Le DRMG est par ailleurs neutre. Il n’a de contrat ni avec la FMOQ ni avec le ministère, souligne le Dr Guilbault. « On est une instance qui regarde les ententes, voit les médecins sur le terrain et considère les possibilités d’amélioration. On essaie de faire une gestion professionnelle des accords. On tente de trouver de nouvelles façons de faire. On explique les enjeux aux médecins et on les aide à participer aux mesures, mais sans jugement, sans qu’il y ait d’obligation. » Un GMF de l’Outaouais, par exemple, n’a pas voulu adhérer à l’inscription collective. « C’est correct. Il n’est pas nécessaire pour nous d’en connaître les raisons. Ce groupe apporte son aide d’une autre façon. »
Cette manière de procéder serait efficace. « Du fait que ce sont les médecins eux-mêmes qui forment le DRMG et qu’ils ne travaillent pas SOUS l’autorité des établissements, mais plutôt en cogestion avec ceux-ci, aucune autre structure administrative du réseau public ne peut mieux réussir à remplir le large mandat que la loi lui confie », indique la Table des DRMG dans son mémoire.
Les DRMG ont un rôle clé dans la gestion de la première ligne (encadré). Et ils obtiennent des résultats, font valoir les chefs de ces organismes. Les départements ont, par exemple, contribué à la mise en œuvre de projets clés comme les guichets d’accès à la première ligne, à la prise en charge collective de plus d’un demi-million de patients en moins d’un an et au déploiement provincial d’une ligne prioritaire pédiatrique. « On n’impose pas les mesures. On tente d’en discuter, de négocier. On essaie de prendre la meilleure décision pour obtenir la collaboration de tous les médecins », explique le Dr Guilbault.

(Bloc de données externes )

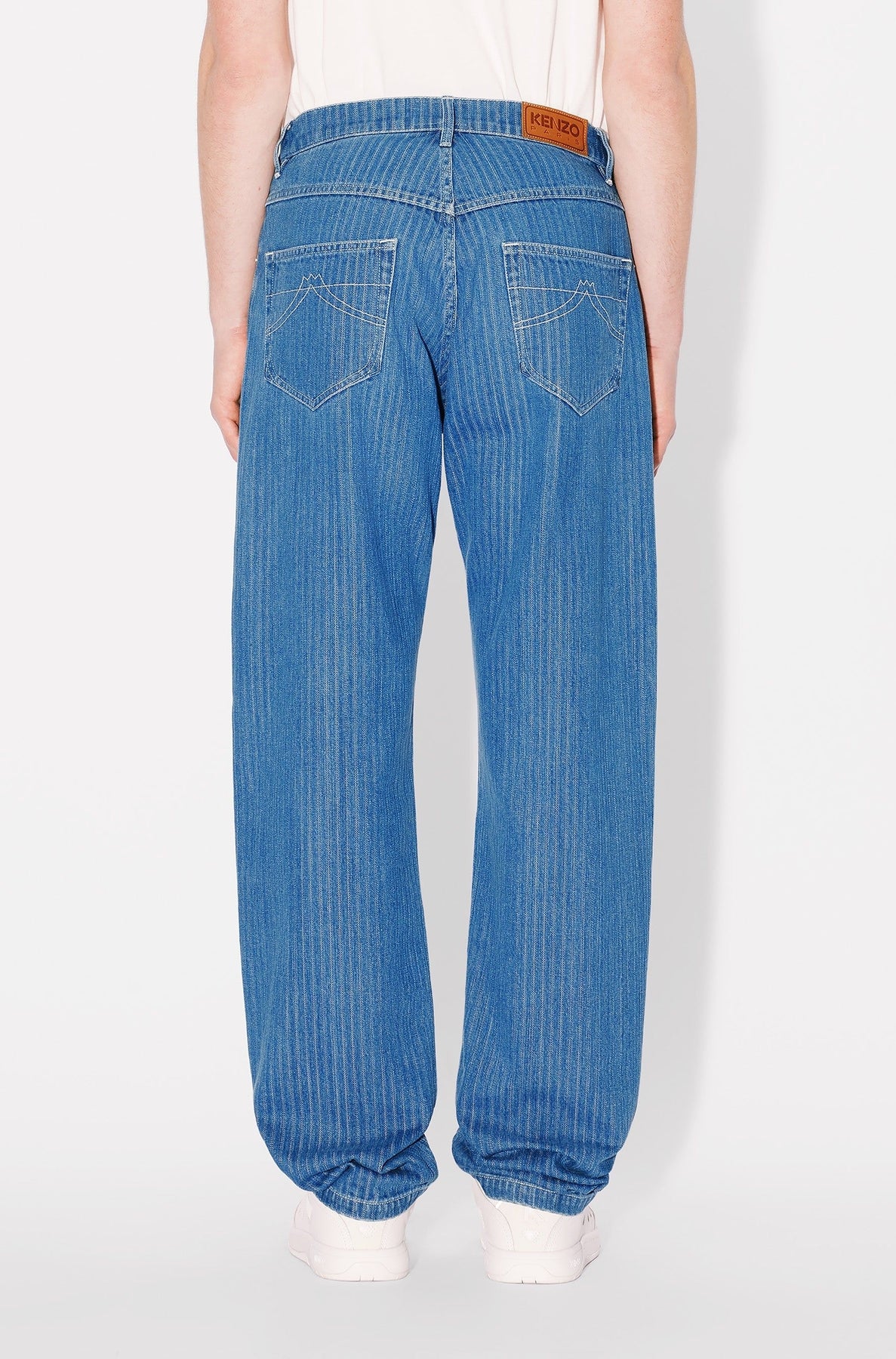 Jean Botan loose - Stone Bleached Blue Denim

Les dirigeants des DRMG proposent donc de conserver ce modèle, mais suggèrent une collaboration étroite avec la future agence Santé Québec. « Pour cette raison, les chefs de DRMG devraient être en lien de partenariat direct avec cette nouvelle entité, permettant de rehausser leur légitimité d’action auprès des partenaires du réseau, et ainsi leur capacité à faire avancer les différents projets d’accès dont ils sont maîtres d’œuvre ou partenaires de premier ordre », conclut leur mémoire. //
Selon la loi et les différentes ententes entre le MSSS et la FMOQ, les DRMG ont la responsabilité notamment :
• de proposer et de mettre à jour le plan régional d’organisation des soins de première ligne (PROS) ;
• de proposer et de gérer les plans régionaux d’effectifs médicaux (PREM) ;
• d'assurer les activités médicales particulières (AMP) afin de répondre aux besoins des secteurs de soins les plus vulnérables ;
• de s’assurer du respect et du bon fonctionnement du programme des groupes de médecine de famille (GMF, GMF-AR et GMF-U) ;
• de favoriser l’accès aux soins de première ligne en proposant, en mettant en œuvre et en améliorant des trajectoires de soins existantes ;
• de planifier la disponibilité des médecins de famille pour les réorientations des patients aux urgences ;
• de promouvoir et d'assurer le suivi et la surveillance des inscriptions collectives ;
• de gérer l’arrivée et le départ des médecins de la région, dont les médecins étrangers ;
• de coordonner le déploiement des GAP et des GAMF et d'assurer une cogestion médicale.
Tiré du mémoire de la Table provinciale des chefs de DRMF présenté à la commission de la santé et des services sociaux.